I just read an article on Microservices and PaaS Architecture. In that article, about a third of the way down, the author states (under Denormalize like Crazy):
Refactor database schemas, and de-normalize everything, to allow complete separation and partitioning of data. That is, do not use underlying tables that serve multiple microservices. There should be no sharing of underlying tables that span multiple microservices, and no sharing of data. Instead, if several services need access to the same data, it should be shared via a service API (such as a published REST or a message service interface).
While this sounds great in theory, in practicality it has some serious hurdles to overcome. The biggest of which is that, often, databases are tightly coupled and every table has some foreign key relationship with at least one other table. Because of this it could be impossible to partition a database into n sub-databases controlled by n microservices.
So I ask: Given a database that consists entirely of related tables, how does one denormalize this into smaller fragments (groups of tables) so that the fragments can be controlled by separate microservices?

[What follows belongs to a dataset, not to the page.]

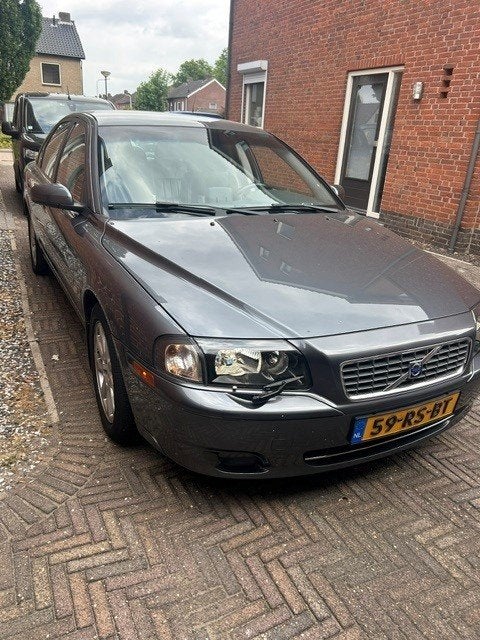 Volvo S80 2.5 T AWD AUT 2005 Grijs, Auto's, Automaat, 1800 kg, 2521 cc, Vierwielaandrijving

For instance, given the following (rather small, but exemplar) database:
[users] table
=============
user_id
user_first_name
user_last_name
user_email
[products] table
================
product_id
product_name
product_description
product_unit_price
[orders] table
==============
order_id
order_datetime
user_id
[products_x_orders] table (for line items in the order)

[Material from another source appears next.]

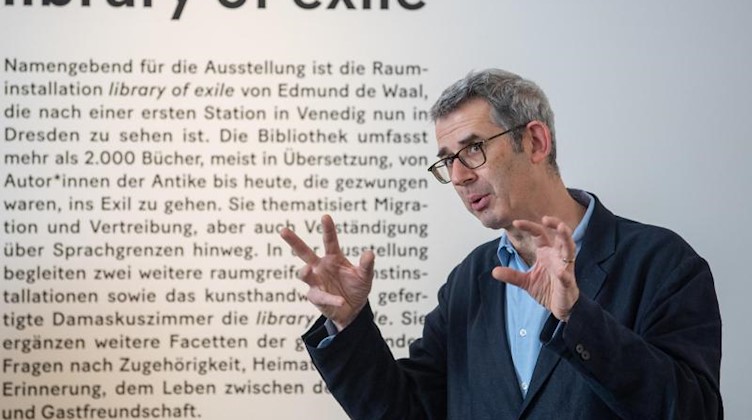 Edmund de Waal spricht während eines Pressetermins zur Ausstellung "Library of Exile". Foto: Robert Michael/dpa-Zentralbild/dpa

=======================================================
products_x_orders_id
product_id
order_id
quantity_ordered
Don't spend too much time critiquing my design, I did this on the fly. The point is that, to me, it makes logical sense to split this database into 3 microservices:
UserService
- for CRUDding users in the system; should ultimately manage the[users]
table; andProductService
- for CRUDding products in the system; should ultimately manage the[products]
table; andOrderService
- for CRUDding orders in the system; should ultimately manage the[orders]
and[products_x_orders]
tables
However all of these tables have foreign key relationships with each other. If we denormalize them and treat them as monoliths, they lose all their semantic meaning:
[users] table
=============
user_id
user_first_name
user_last_name
user_email
[products] table
================
product_id
product_name
product_description
product_unit_price
[orders] table
==============
order_id
order_datetime
[products_x_orders] table (for line items in the order)
=======================================================
products_x_orders_id
quantity_ordered
Now there's no way to know who ordered what, in which quantity, or when.
So is this article typical academic hullabaloo, or is there a real world practicality to this denormalization approach, and if so, what does it look like (bonus points for using my example in the answer)?